Closed
Description
It is great that xarray
supports dimensions without coords, but sometimes I think it would be useful to be able to easily opt into autogenerated coords from 0 to n-1
. This can be useful to obtain DataArrays for pointwise indexing:
import xarray as xr
ds = xr.Dataset()
# a list of selected indices for each layer
ds['selected'] = (['layer', 'selected-i'], [
[0, 1, 2],
[1, 5, 3],
])
# normally, concatenation would drop layer data
print(xr.concat(ds['selected'], dim='selected-i'))

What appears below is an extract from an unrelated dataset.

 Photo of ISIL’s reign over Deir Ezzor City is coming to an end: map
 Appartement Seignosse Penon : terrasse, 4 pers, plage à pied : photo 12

# <xarray.DataArray 'selected' (selected-i: 6)>
# array([0, 1, 2, 1, 5, 3])
# Dimensions without coordinates: selected-i
# if you generate coords from 0 to n-1 for layer, however, the resulting DataArray
# contains 'layer' indices for use in pointwise indexing
print(xr.concat(ds
.assign_coords(layer=list(range(ds.sizes['layer'])))
['selected'], dim='selected-i'))
# <xarray.DataArray 'selected' (selected-i: 6)>
# array([0, 1, 2, 1, 5, 3])
# Coordinates:
# layer (selected-i) int64 0 0 0 1 1 1
# Dimensions without coordinates: selected-i
My issue with the above is that layer=list(range(ds.sizes['layer']))
is verbose and fails to be DRY. My thought for such an API is that xarray could maybe have a special constant for auto-assignment, usable in any method that takes input coords:
print(xr.concat(ds
.assign_coords(layer=xr.AUTO)
['selected'], dim='selected-i'))
(Additionally, perhaps xr.AUTO
could be a function/class, so that xr.AUTO(start)
produces indices starting at start
.)